• [The data]:

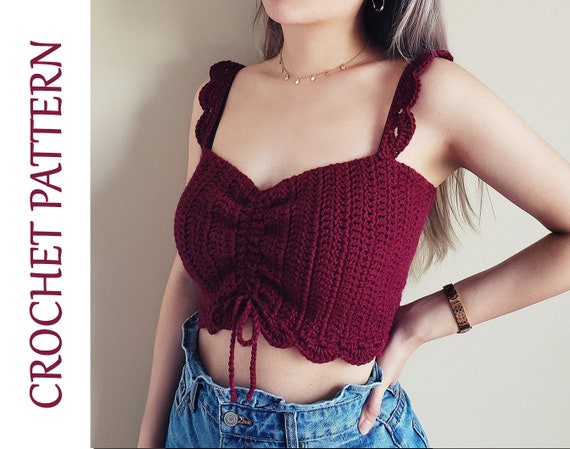 Violet Crochet Top Pattern Crop Top With Tied at Shoulders Straps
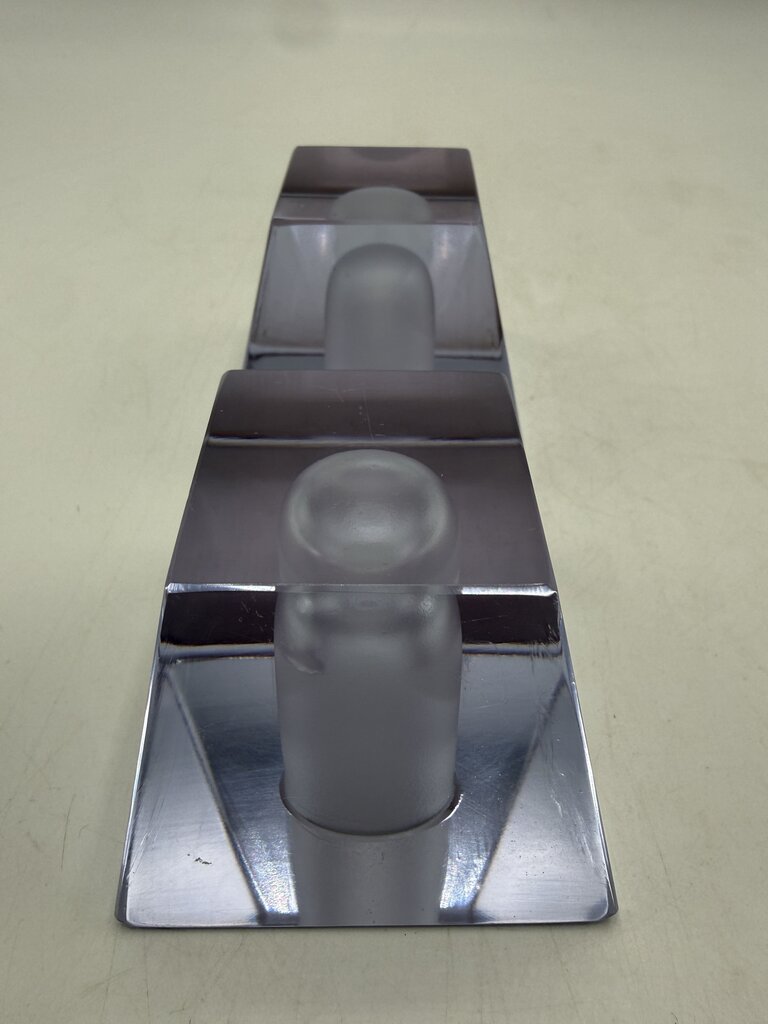 VTG Clear Crystal Obelisk Candlestick Holders MCM Art Deco Shape /ro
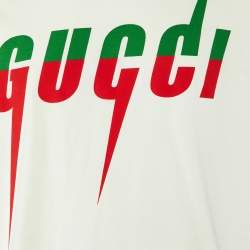 Pre Owned Gucci Cream Gucci Blade Print Cotton Oversized T-Shirt XL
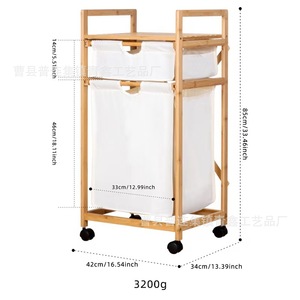 Bamboo Wood 3 Tier Laundry <b>Cart</b> With Wheels For Bedroom Bathroom <b>Storage</b> Canvas Organizer - Product Image 3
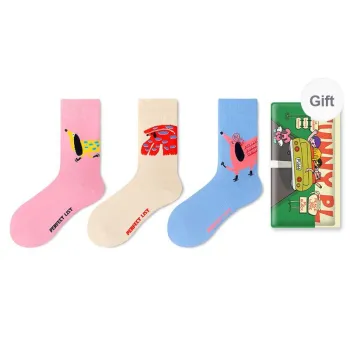 PL Mid Calf Socks Unisex Shopping Bag 3 Pack Mixed Color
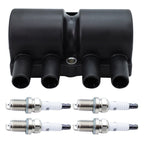 1Pcs Ignition Coil & 4Pcs Spark Plug For Chevrolet Pontiac Suzuki Reno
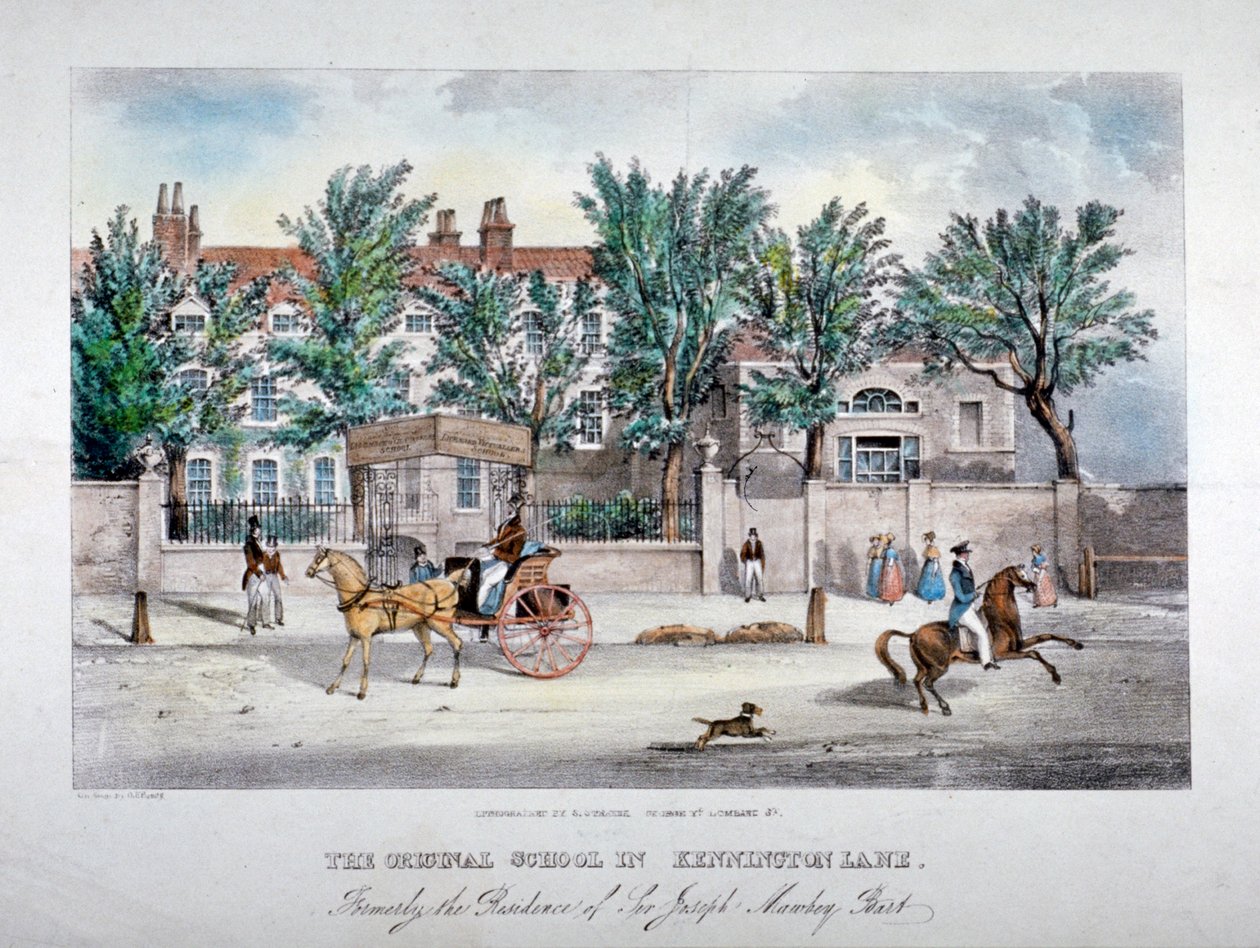 द लाइसेंस्ड विक्टुअलर्स स्कूल, केनिंगटन लेन, लैम्बेथ, लंदन, c1841। द्वारा जीएफ ब्रैग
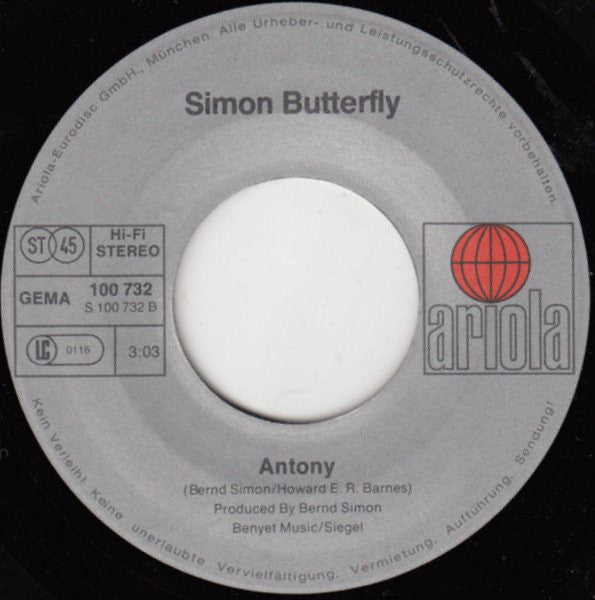 Simon Butterfly : Sing A Summer Song (7", Single)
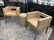 MODERN KEYHOLE BACK LEATHER CHAIRS & OTTOMAN SET 3 - 7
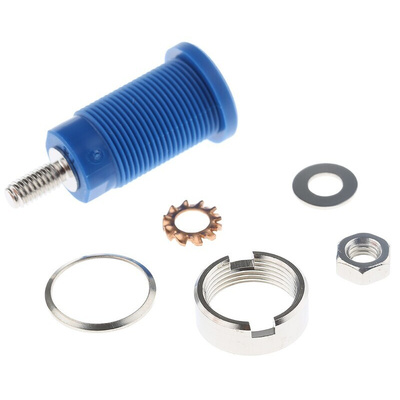 Schutzinger Blue Female Banana Socket, 4 mm Connector, Screw Termination, 32A, 1000V, Nickel Plating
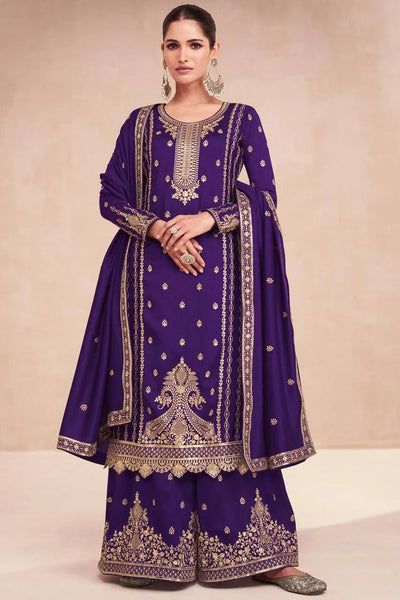 Pristine Purple Embroidered Vichitra Silk Palazzo Suit - women's fashion mart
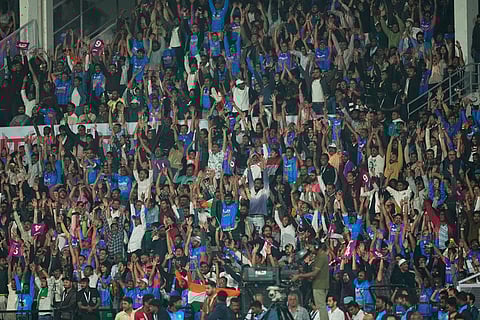 Indian fans cheer for their team during the first T20 cricket match between India and New Zealand in Nagpur.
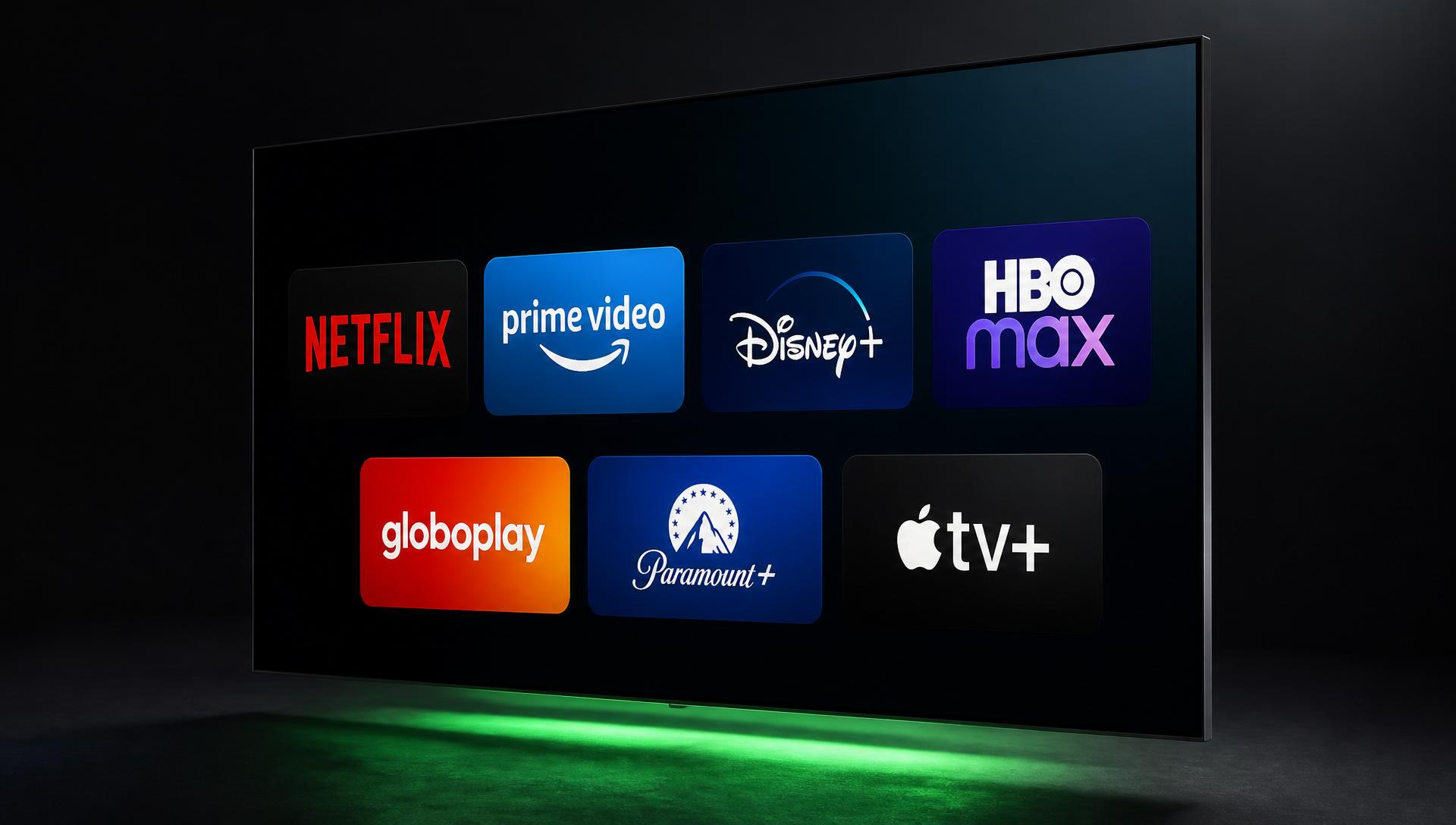 Interface do IPTV Quenerd em uma Smart TV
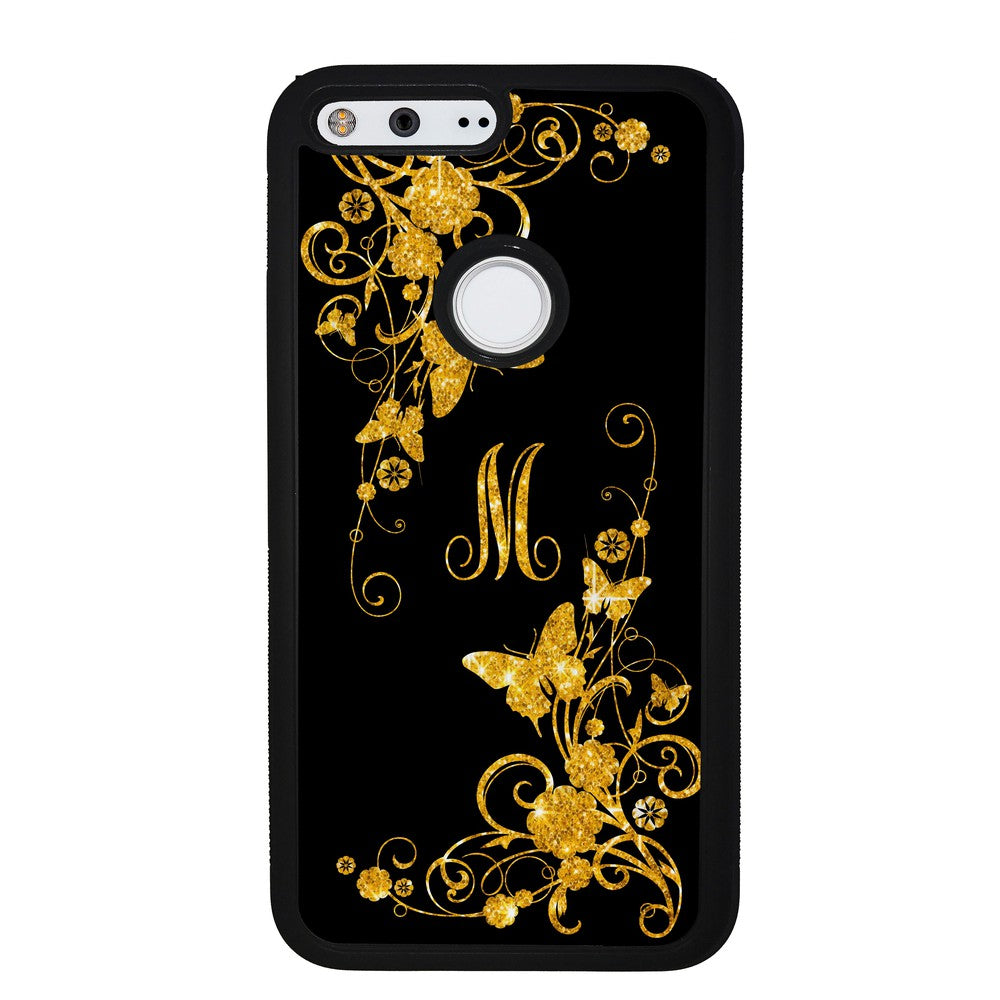 Golden Butterfly Vines Initial | Google Phone Case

• [Problem statement]: Your answer must be the exact lines from the records above, from the one containing "VTG Clear Crystal" through the one containing "Pre Owned Gucci", both included, with every picture left out.

• [Task result]:
 VTG Clear Crystal Obelisk Candlestick Holders MCM Art Deco Shape /ro
 Pre Owned Gucci Cream Gucci Blade Print Cotton Oversized T-Shirt XL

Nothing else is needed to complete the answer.